Annual leave is due for the period of 18 months not taken in accordance with section 28(4) of the Employment Act, 2007 and in the context of the Court of Appeal findings in the case of E.Torgbor versus Ladislaus Odongo Ojuok  eKLR.
For work during public holidays, this shall is also not challenged in the absence of any work records.
On the claim for overtime, the claimant testified that he would report for work at 6am and depart at 7pm. He would get time within his day for lunch. In the Memorandum of claim the claimant has laid the basis of his claim for overtime at 13 hours with 5 hours overtime work for 6 days each week. With the lunch hour removed, the tabulation of overtime work should be for 4 hours only for 6 days each week.

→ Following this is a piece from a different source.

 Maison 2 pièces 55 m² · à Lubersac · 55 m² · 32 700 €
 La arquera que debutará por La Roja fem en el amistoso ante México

Without evidence of the respondent’s compliance with section 35 (5) of the Employment Act, 2007 service pay is due to the claimant for the 9 full years served based at the rate of 15 days.
A certificate of service should issue in accordance with section 51 of the Employment Act, 2007.
Accordingly, the matter is hereby referred to the Labour Officer, Nakuru for tabulation of dues owing to the claimant in the following terms;
a) Leave days owing for a period of 18 months only and based on the last basic wage as at 10th February, 2018;
b) Underpayments from 1st July, 2008 to 10th February, 2018;
c) Payment for public holidays dues for the period (b) above;
d) Overtime pay for 4 hours for 6 days each week;
e) Service pay at the rate of 15 days for 9 full years served;
f) The dues above shall be subject to the provisions of section 49(2) of the Employment Act, 2007;
g) The claimant shall be issued with a Certificate of Service within the provisions of section 51 of the Employment Act, 2007;
h) Mention in 45 days to confirm the Labour Officer tabulations; and
i) Costs of the suit.
Delivered at Nakuru this 23rd day of January, 2020.